[What you have to do] Extract the listing in its entirety, keeping each line identical to the original.

[Supplied data]
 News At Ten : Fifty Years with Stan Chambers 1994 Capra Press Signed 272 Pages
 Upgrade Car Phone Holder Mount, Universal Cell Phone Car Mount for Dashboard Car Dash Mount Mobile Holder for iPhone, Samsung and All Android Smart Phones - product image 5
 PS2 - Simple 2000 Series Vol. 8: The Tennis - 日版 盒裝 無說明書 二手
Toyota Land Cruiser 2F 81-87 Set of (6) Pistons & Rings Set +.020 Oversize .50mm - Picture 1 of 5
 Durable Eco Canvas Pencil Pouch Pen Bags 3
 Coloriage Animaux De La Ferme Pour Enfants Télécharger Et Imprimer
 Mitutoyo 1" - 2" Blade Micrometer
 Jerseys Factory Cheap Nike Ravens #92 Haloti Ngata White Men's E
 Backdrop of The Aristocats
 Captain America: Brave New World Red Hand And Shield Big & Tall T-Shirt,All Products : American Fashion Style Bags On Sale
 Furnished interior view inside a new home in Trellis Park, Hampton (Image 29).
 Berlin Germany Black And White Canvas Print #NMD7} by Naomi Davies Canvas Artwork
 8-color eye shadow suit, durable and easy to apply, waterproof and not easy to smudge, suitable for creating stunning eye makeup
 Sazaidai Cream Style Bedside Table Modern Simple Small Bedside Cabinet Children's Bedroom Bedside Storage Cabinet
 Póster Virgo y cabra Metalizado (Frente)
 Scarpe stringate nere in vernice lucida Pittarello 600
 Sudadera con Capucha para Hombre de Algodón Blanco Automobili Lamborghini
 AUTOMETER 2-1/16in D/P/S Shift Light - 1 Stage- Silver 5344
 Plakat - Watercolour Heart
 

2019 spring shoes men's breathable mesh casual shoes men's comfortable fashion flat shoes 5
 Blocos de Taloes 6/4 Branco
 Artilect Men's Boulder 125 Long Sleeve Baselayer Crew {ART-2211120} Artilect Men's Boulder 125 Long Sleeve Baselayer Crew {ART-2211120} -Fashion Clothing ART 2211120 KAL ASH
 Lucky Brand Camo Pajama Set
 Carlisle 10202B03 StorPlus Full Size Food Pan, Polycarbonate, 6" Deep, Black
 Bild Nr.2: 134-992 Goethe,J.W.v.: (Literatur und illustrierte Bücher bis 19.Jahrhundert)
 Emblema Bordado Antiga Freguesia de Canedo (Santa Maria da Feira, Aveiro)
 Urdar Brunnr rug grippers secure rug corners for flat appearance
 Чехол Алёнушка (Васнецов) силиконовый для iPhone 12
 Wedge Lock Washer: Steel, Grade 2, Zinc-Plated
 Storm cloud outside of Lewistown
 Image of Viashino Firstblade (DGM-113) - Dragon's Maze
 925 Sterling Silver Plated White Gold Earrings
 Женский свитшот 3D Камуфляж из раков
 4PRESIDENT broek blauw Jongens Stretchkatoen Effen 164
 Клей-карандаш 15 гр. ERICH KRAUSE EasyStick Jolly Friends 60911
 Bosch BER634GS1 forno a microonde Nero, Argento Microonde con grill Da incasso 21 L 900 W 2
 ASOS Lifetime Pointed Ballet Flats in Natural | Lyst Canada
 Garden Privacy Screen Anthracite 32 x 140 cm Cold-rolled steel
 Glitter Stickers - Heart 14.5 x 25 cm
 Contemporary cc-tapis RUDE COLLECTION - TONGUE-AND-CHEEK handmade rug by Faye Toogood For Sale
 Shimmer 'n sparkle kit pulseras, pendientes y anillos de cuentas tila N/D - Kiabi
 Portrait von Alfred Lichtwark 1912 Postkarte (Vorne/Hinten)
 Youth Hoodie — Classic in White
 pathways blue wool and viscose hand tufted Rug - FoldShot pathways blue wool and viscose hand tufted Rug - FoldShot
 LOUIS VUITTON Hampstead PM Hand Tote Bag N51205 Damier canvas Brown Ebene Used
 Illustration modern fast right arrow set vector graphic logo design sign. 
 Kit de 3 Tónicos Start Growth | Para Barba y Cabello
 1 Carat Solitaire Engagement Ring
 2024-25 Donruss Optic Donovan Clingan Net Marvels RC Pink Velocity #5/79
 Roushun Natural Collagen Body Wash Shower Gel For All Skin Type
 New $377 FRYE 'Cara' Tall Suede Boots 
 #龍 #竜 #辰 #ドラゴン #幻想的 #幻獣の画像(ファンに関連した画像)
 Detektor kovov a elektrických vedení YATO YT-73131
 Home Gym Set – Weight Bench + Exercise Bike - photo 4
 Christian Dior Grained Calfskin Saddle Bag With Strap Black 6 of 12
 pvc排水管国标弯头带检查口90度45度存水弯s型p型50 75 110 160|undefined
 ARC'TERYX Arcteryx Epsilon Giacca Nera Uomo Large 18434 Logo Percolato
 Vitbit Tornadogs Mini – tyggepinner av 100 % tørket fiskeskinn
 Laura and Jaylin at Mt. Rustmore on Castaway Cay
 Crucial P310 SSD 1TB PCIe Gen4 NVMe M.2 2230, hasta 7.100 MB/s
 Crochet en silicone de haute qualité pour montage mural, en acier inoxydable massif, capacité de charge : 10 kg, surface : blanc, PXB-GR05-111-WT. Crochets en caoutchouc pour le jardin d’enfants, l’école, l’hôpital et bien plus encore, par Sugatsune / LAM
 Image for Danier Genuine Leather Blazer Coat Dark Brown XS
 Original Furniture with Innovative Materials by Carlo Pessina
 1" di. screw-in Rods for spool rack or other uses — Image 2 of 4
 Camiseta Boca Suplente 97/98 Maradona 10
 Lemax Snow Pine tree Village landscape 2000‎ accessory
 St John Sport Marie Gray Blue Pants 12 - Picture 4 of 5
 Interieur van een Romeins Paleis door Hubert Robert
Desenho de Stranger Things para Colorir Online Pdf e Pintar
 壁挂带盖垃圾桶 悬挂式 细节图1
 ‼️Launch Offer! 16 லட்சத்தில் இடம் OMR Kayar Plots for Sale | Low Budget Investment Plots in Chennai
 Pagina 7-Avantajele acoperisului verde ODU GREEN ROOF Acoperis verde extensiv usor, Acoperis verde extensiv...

[Your solution]
 News At Ten : Fifty Years with Stan Chambers 1994 Capra Press Signed 272 Pages
 Upgrade Car Phone Holder Mount, Universal Cell Phone Car Mount for Dashboard Car Dash Mount Mobile Holder for iPhone, Samsung and All Android Smart Phones - product image 5
 PS2 - Simple 2000 Series Vol. 8: The Tennis - 日版 盒裝 無說明書 二手
Toyota Land Cruiser 2F 81-87 Set of (6) Pistons & Rings Set +.020 Oversize .50mm - Picture 1 of 5
 Durable Eco Canvas Pencil Pouch Pen Bags 3
 Coloriage Animaux De La Ferme Pour Enfants Télécharger Et Imprimer
 Mitutoyo 1" - 2" Blade Micrometer
 Jerseys Factory Cheap Nike Ravens #92 Haloti Ngata White Men's E
 Backdrop of The Aristocats
 Captain America: Brave New World Red Hand And Shield Big & Tall T-Shirt,All Products : American Fashion Style Bags On Sale
 Furnished interior view inside a new home in Trellis Park, Hampton (Image 29).
 Berlin Germany Black And White Canvas Print #NMD7} by Naomi Davies Canvas Artwork
 8-color eye shadow suit, durable and easy to apply, waterproof and not easy to smudge, suitable for creating stunning eye makeup
 Sazaidai Cream Style Bedside Table Modern Simple Small Bedside Cabinet Children's Bedroom Bedside Storage Cabinet
 Póster Virgo y cabra Metalizado (Frente)
 Scarpe stringate nere in vernice lucida Pittarello 600
 Sudadera con Capucha para Hombre de Algodón Blanco Automobili Lamborghini
 AUTOMETER 2-1/16in D/P/S Shift Light - 1 Stage- Silver 5344
 Plakat - Watercolour Heart
 

2019 spring shoes men's breathable mesh casual shoes men's comfortable fashion flat shoes 5
 Blocos de Taloes 6/4 Branco
 Artilect Men's Boulder 125 Long Sleeve Baselayer Crew {ART-2211120} Artilect Men's Boulder 125 Long Sleeve Baselayer Crew {ART-2211120} -Fashion Clothing ART 2211120 KAL ASH
 Lucky Brand Camo Pajama Set
 Carlisle 10202B03 StorPlus Full Size Food Pan, Polycarbonate, 6" Deep, Black
 Bild Nr.2: 134-992 Goethe,J.W.v.: (Literatur und illustrierte Bücher bis 19.Jahrhundert)
 Emblema Bordado Antiga Freguesia de Canedo (Santa Maria da Feira, Aveiro)
 Urdar Brunnr rug grippers secure rug corners for flat appearance
 Чехол Алёнушка (Васнецов) силиконовый для iPhone 12
 Wedge Lock Washer: Steel, Grade 2, Zinc-Plated
 Storm cloud outside of Lewistown
 Image of Viashino Firstblade (DGM-113) - Dragon's Maze
 925 Sterling Silver Plated White Gold Earrings
 Женский свитшот 3D Камуфляж из раков
 4PRESIDENT broek blauw Jongens Stretchkatoen Effen 164
 Клей-карандаш 15 гр. ERICH KRAUSE EasyStick Jolly Friends 60911
 Bosch BER634GS1 forno a microonde Nero, Argento Microonde con grill Da incasso 21 L 900 W 2
 ASOS Lifetime Pointed Ballet Flats in Natural | Lyst Canada
 Garden Privacy Screen Anthracite 32 x 140 cm Cold-rolled steel
 Glitter Stickers - Heart 14.5 x 25 cm
 Contemporary cc-tapis RUDE COLLECTION - TONGUE-AND-CHEEK handmade rug by Faye Toogood For Sale
 Shimmer 'n sparkle kit pulseras, pendientes y anillos de cuentas tila N/D - Kiabi
 Portrait von Alfred Lichtwark 1912 Postkarte (Vorne/Hinten)
 Youth Hoodie — Classic in White
 pathways blue wool and viscose hand tufted Rug - FoldShot pathways blue wool and viscose hand tufted Rug - FoldShot
 LOUIS VUITTON Hampstead PM Hand Tote Bag N51205 Damier canvas Brown Ebene Used
 Illustration modern fast right arrow set vector graphic logo design sign. 
 Kit de 3 Tónicos Start Growth | Para Barba y Cabello
 1 Carat Solitaire Engagement Ring
 2024-25 Donruss Optic Donovan Clingan Net Marvels RC Pink Velocity #5/79
 Roushun Natural Collagen Body Wash Shower Gel For All Skin Type
 New $377 FRYE 'Cara' Tall Suede Boots 
 #龍 #竜 #辰 #ドラゴン #幻想的 #幻獣の画像(ファンに関連した画像)
 Detektor kovov a elektrických vedení YATO YT-73131
 Home Gym Set – Weight Bench + Exercise Bike - photo 4
 Christian Dior Grained Calfskin Saddle Bag With Strap Black 6 of 12
 pvc排水管国标弯头带检查口90度45度存水弯s型p型50 75 110 160|undefined
 ARC'TERYX Arcteryx Epsilon Giacca Nera Uomo Large 18434 Logo Percolato
 Vitbit Tornadogs Mini – tyggepinner av 100 % tørket fiskeskinn
 Laura and Jaylin at Mt. Rustmore on Castaway Cay
 Crucial P310 SSD 1TB PCIe Gen4 NVMe M.2 2230, hasta 7.100 MB/s
 Crochet en silicone de haute qualité pour montage mural, en acier inoxydable massif, capacité de charge : 10 kg, surface : blanc, PXB-GR05-111-WT. Crochets en caoutchouc pour le jardin d’enfants, l’école, l’hôpital et bien plus encore, par Sugatsune / LAM
 Image for Danier Genuine Leather Blazer Coat Dark Brown XS
 Original Furniture with Innovative Materials by Carlo Pessina
 1" di. screw-in Rods for spool rack or other uses — Image 2 of 4
 Camiseta Boca Suplente 97/98 Maradona 10
 Lemax Snow Pine tree Village landscape 2000‎ accessory
 St John Sport Marie Gray Blue Pants 12 - Picture 4 of 5
 Interieur van een Romeins Paleis door Hubert Robert
Desenho de Stranger Things para Colorir Online Pdf e Pintar
 壁挂带盖垃圾桶 悬挂式 细节图1
 ‼️Launch Offer! 16 லட்சத்தில் இடம் OMR Kayar Plots for Sale | Low Budget Investment Plots in Chennai
 Pagina 7-Avantajele acoperisului verde ODU GREEN ROOF Acoperis verde extensiv usor, Acoperis verde extensiv...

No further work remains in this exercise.